C’est la super majorité. Vendredi, alors que la commission électorale n’avait toujours pas fini son interminable décompte, la Ligue nationale pour la démocratie (LND) d’Aung San Suu Kyi avait déjà engrangé 348 sièges (sur 664) au Parlement birman. La LND est donc majoritaire dans les deux chambres et ne devrait pas avoir beaucoup de difficultés à faire voter des lois.
En mai 1990, elle avait déjà infligé une cuisante défaite à l'armée, qui s'était ensuite assise sur les résultats et avait verrouillé un peu plus le pays. «Cette année, il y a eu des cafouillages, mais pas de fraudes systématiques comme dans le passé. La campagne s'est bien déroulée», note une conseillère du gouvernement. Les hommes forts du régime ont reconnu leur défaite. «Rien ne semble suggérer que l'armée se comportera mal. Les généraux de nos jours sont complètement différents de ceux qui étaient aux responsabilités il y a cinq ans. Ces derniers sont partis à la retraite», remarque l'historien Thant Myint-U.

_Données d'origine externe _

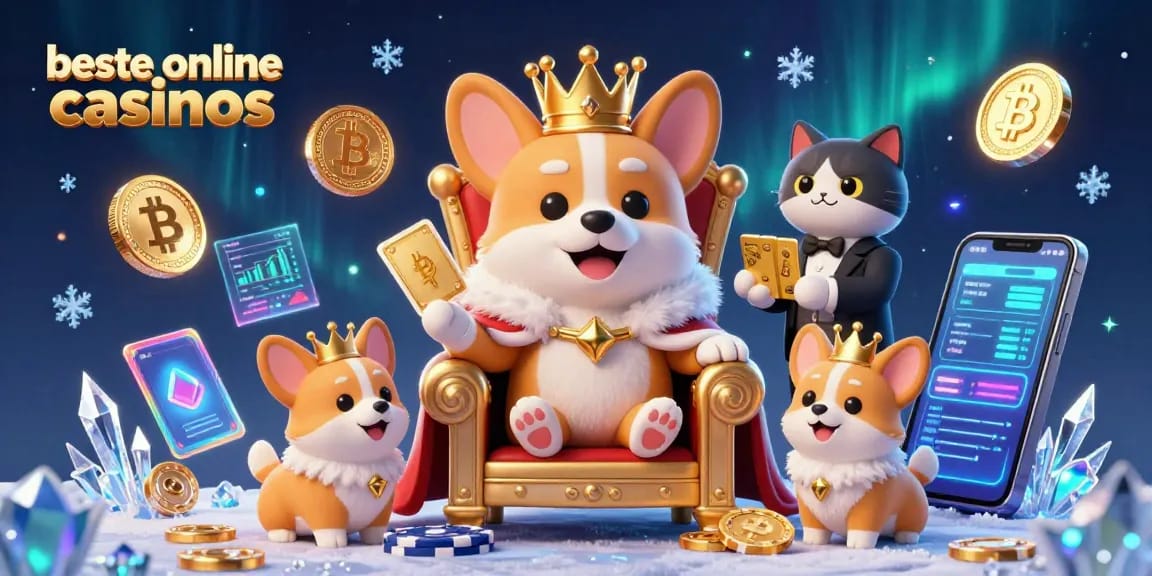 Experience the excitement at the beste online casinos with our vibrant 3D casino illustration featuring iconic characters and crypto elements.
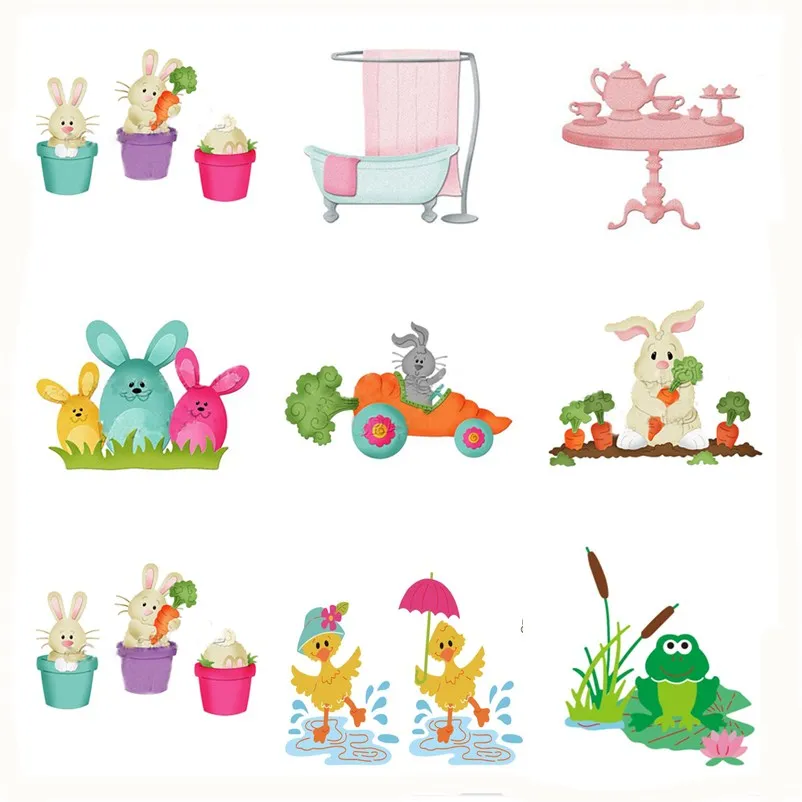 

14 Style New Spring Bunny Metal Cutting Die Scrapbooking Embossing Stencil Card Die For DIY Invitation Album Book Decor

Le nouveau gouvernement entrera en fonction en mars. «Les prochains mois vont être extrêmement délicats et fragiles», anticipe Thant-Myint-U. «Il va falloir composer avec les militaires, qui peuvent mettre leur veto à la nomination de ministres, et avec une administration corrompue et conservatrice», rappelle Khin Zaw Win, de l'institut Tampadipa.
Au risque de compliquer ses relations avec l'armée, Aung San Suu Kyi a surpris quand elle a dit qu'elle se situerait «au-dessus du président», fonction qui lui est interdite par la Constitution. Elle a aussi parlé de «réconciliation nationale» et «d'unité». Il en faudra.